- BRIEF -
What is needed is a word-for-word copy of the lines below from the one with "Small Pet Water" through the one with "Rainbow Color Retro", both included, with every picture left out.

- DATASET RECORDS -
- - -
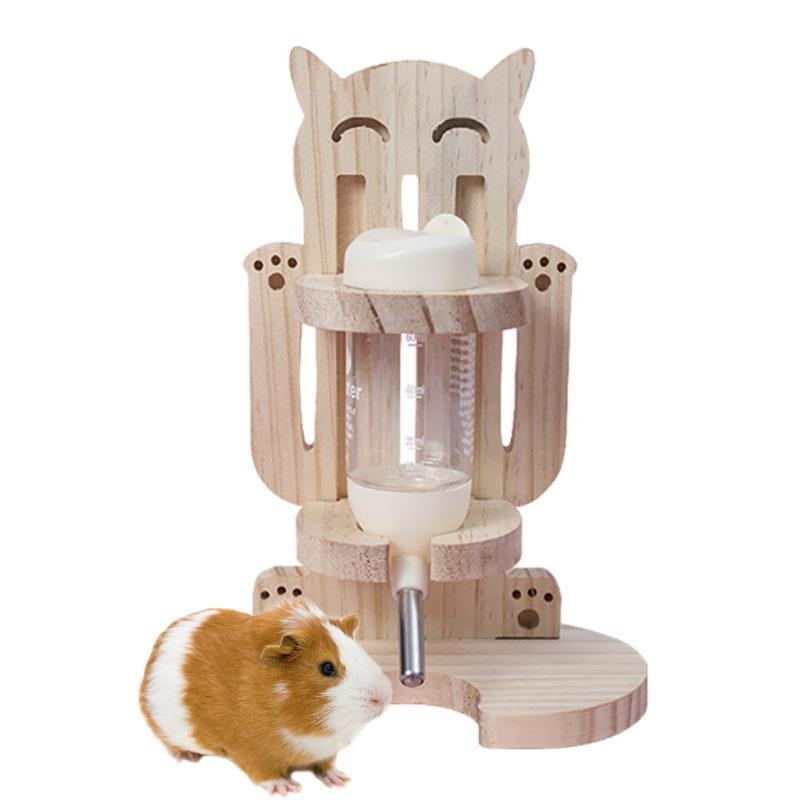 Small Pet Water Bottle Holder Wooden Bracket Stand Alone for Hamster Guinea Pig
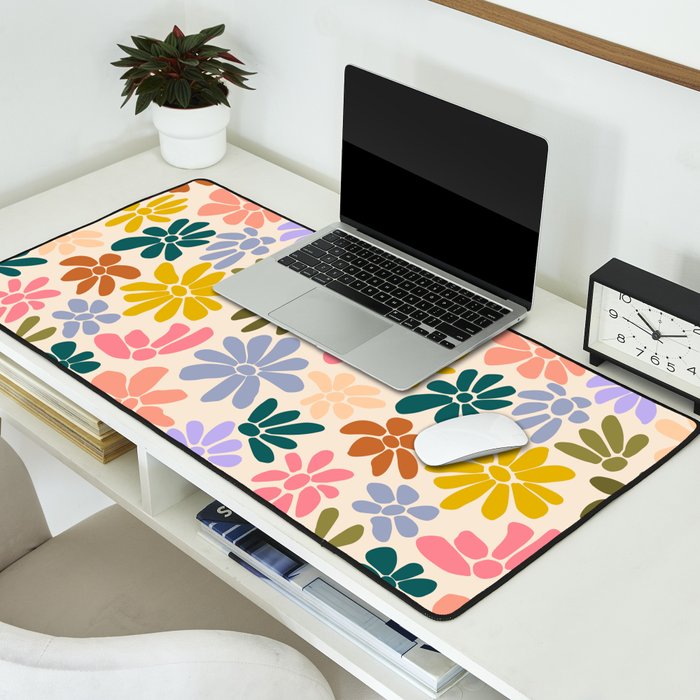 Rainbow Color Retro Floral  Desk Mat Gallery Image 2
- - -
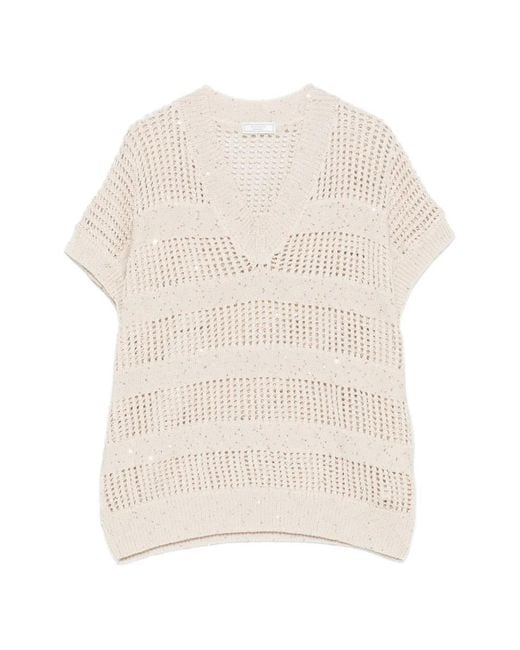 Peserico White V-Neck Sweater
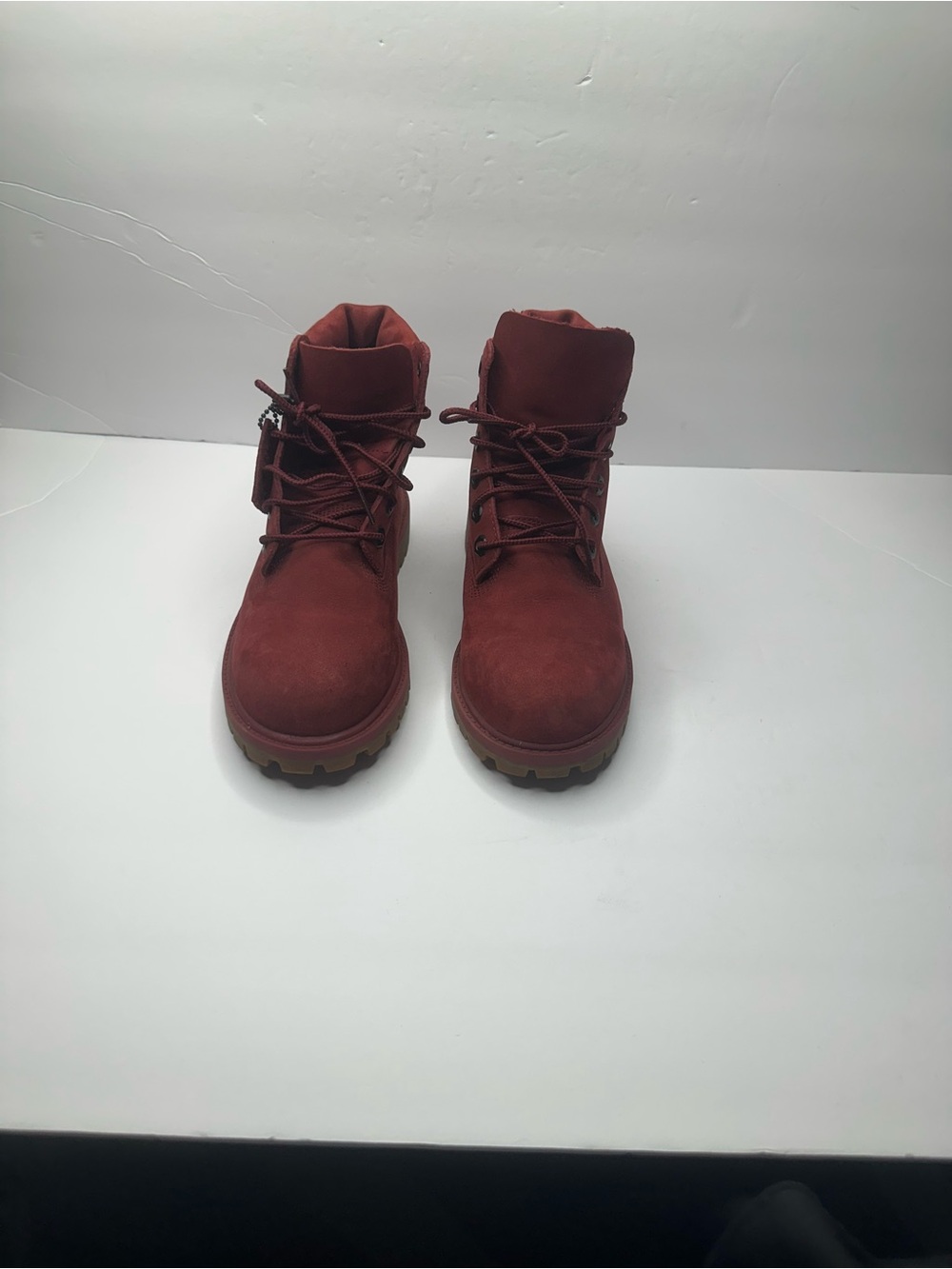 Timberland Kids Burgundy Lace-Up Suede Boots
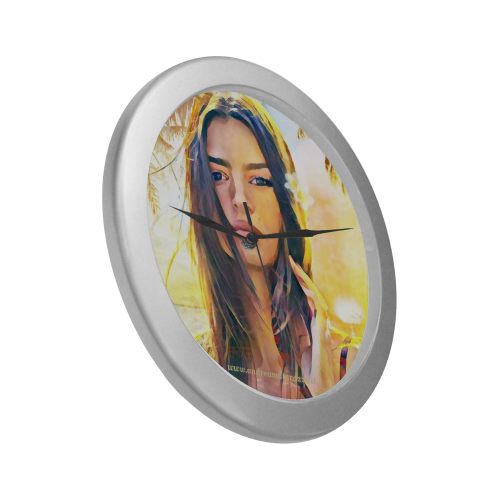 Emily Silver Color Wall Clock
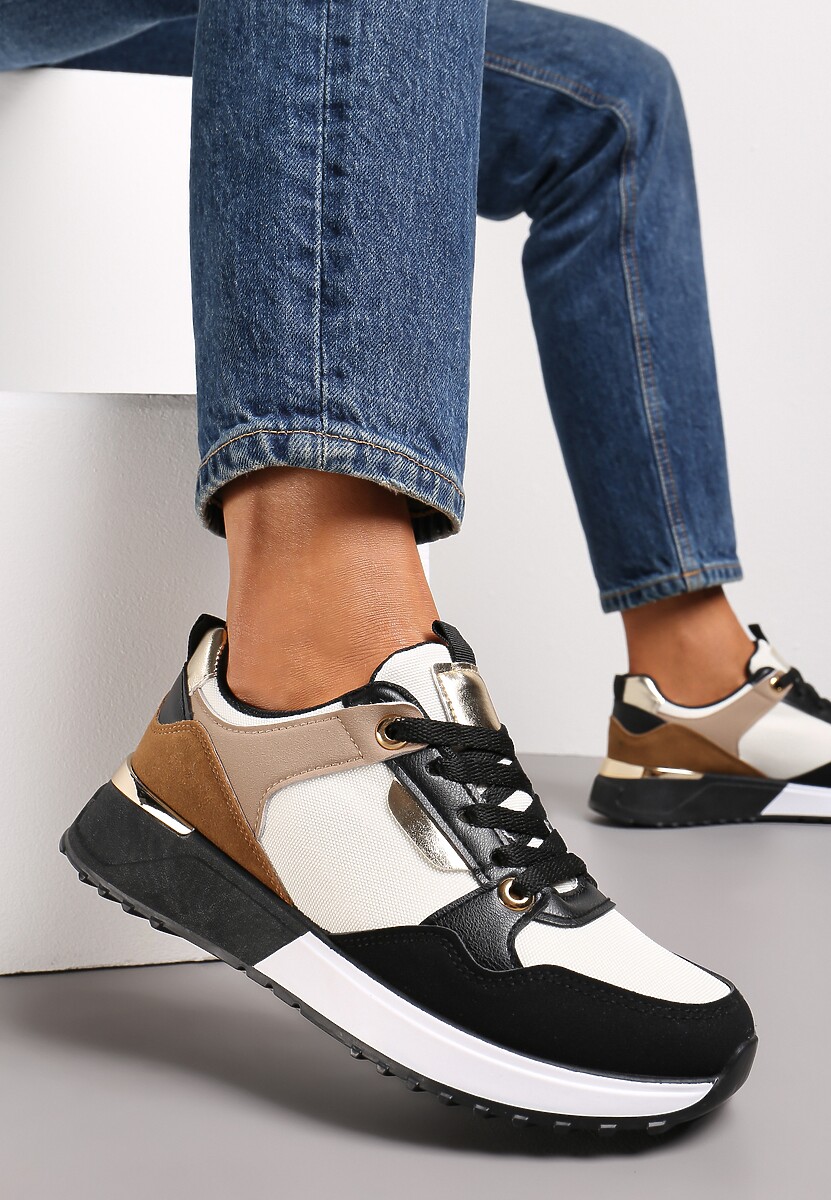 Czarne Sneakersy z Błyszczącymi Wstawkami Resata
- - -
- TASK RESPONSE -
 Small Pet Water Bottle Holder Wooden Bracket Stand Alone for Hamster Guinea Pig
 Rainbow Color Retro Floral  Desk Mat Gallery Image 2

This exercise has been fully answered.